Session Guitar: It's All About Relationships

by Ron Zabrocki
Posted Jan 27, 2014 at 12:35pm

Greetings!

I've had some clients for a very long time. How long? Decades! Twenty to 30 years of regular work!

When you've "been there" for a person for 100-plus songs spread out over various incarnations of solo and band projects, well, let's just say friendships are born.

The session world isn't really about making money through music. It's mainly about relationships — how well can you understand the needs of the artist and help fill the vision they have of their art.

This is a very intimate path they've chosen — opening up a stranger to a very personal place in their hearts and minds. As you might expect, you have to go deep sometimes and join them in the basement area of their soul to truly see what you need to do! And in this deep, dark place, friendships are born. They are labored over with sweat and blood till the birth of the perfect part, the perfect note, the perfect song emerges.

Sounds a bit dramatic, right? Maybe it is, to the uninvited. The ones who don't walk the path, those who walk away from the battle instead of staying and fighting. (Even more drama.)

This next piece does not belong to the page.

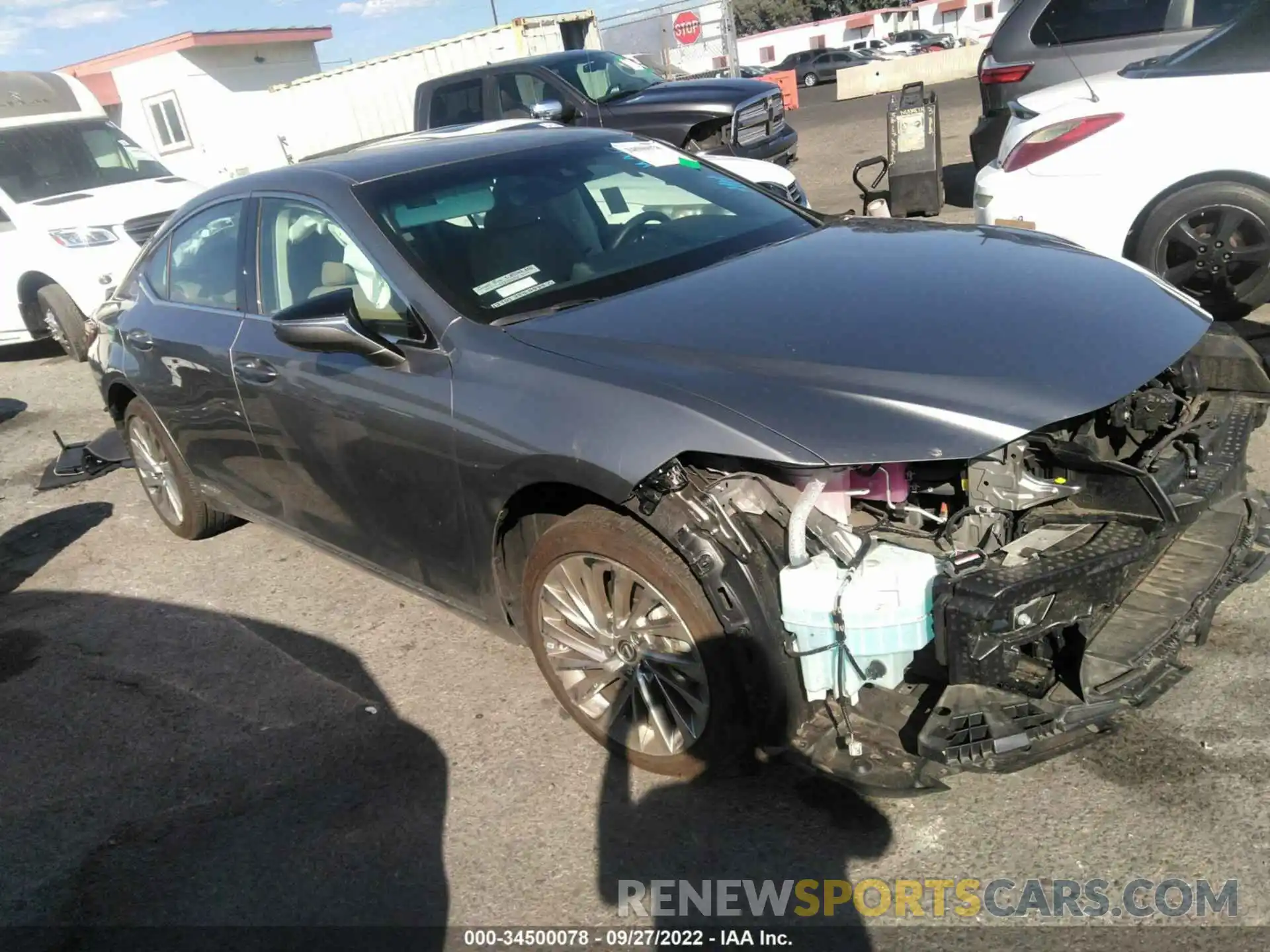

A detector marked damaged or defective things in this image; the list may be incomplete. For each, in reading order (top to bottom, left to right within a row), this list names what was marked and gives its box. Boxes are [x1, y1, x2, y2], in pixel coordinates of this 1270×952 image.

damaged gray lexus es [94, 128, 1270, 793]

I'm constantly asked to share some sessions I'm working on, and that is usually impossible because who wants to show unfinished work? I'll do that with my own thing. But if you want to hear what this session rat does, look no further than one client.

Allow me to introduce the Guitar World readers to Walker Hornung. He may never earn a Grammy, but he deserves one. He may never be in the Rock and Roll Hall of Fame, but he should.

In the 25 to 30 years I've worked for Mr. Hornung, he has taken my guitar down the path of indie rock, roots, blues, solo acoustic, soca, Christmas, jazz, pop, straight rock, etc. He's a pain in my a--. Crazy as a loon. Temperamental. Off his meds.

But he is also the type of guy who would do anything for you when you need it. He doesn't hold back. He lives with his heart right out for all to see. This is an artist. A true artist. He walks the talk. Old school before it was fashionable. The musical equivalent of Charles Bukowski. Yeah, he's that good.

It is rare when you meet the real deal in this superficial world. So you want to hang on to it when it comes your way. There is much to be learned from this gift. By the way: You won't hear me playing flash. He's not into that. He wants your f---ing soul, and if you give anything less, it doesn't belong on his music.

Some moments:

I was called in to play rhythm guitar in a very expensive studio. I was ghosting. There would be no credit given. They needed a session player who wouldn't f--- up. I played rhythm guitars on most of the songs in less than two hours. My coffee barely got cold. One take on 10-plus songs. (You figure out which one.)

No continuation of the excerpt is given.